In the listing that follows, the lines starting at the one containing "4401 Sw Gallatine Ave - Photo 4 of 29" and ending at the one containing "Julie Cléry as" are to be returned exactly, both boundary lines included, and no others.

§ **RECORDS TO PROCESS**:
◆ ◆ ◆ ◆ ◆
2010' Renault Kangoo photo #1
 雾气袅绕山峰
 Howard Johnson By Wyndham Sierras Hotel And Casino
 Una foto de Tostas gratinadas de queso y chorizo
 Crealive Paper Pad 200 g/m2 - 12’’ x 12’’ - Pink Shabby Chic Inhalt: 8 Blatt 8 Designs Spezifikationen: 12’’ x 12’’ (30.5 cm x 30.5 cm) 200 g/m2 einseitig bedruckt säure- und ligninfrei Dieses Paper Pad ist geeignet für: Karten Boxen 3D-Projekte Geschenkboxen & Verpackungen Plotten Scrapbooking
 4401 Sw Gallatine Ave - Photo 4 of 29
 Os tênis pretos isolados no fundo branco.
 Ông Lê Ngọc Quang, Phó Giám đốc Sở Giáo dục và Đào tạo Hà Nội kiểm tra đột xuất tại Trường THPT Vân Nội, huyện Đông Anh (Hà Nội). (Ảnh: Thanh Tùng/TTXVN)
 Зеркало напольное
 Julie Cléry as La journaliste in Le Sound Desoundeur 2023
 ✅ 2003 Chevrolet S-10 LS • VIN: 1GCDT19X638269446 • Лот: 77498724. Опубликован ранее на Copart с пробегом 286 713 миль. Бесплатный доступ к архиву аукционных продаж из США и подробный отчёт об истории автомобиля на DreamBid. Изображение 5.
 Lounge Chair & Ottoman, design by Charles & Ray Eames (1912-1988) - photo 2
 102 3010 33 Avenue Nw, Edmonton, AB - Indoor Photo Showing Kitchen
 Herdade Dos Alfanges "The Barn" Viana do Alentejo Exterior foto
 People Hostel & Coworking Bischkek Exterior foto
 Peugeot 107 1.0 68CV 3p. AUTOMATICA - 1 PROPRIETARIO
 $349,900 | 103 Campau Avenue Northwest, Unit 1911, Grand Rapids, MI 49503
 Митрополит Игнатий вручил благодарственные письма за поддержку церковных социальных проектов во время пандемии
◆ ◆ ◆ ◆ ◆
§ **EXERCISE RESPONSE**:
 4401 Sw Gallatine Ave - Photo 4 of 29
 Os tênis pretos isolados no fundo branco.
 Ông Lê Ngọc Quang, Phó Giám đốc Sở Giáo dục và Đào tạo Hà Nội kiểm tra đột xuất tại Trường THPT Vân Nội, huyện Đông Anh (Hà Nội). (Ảnh: Thanh Tùng/TTXVN)
 Зеркало напольное
 Julie Cléry as La journaliste in Le Sound Desoundeur 2023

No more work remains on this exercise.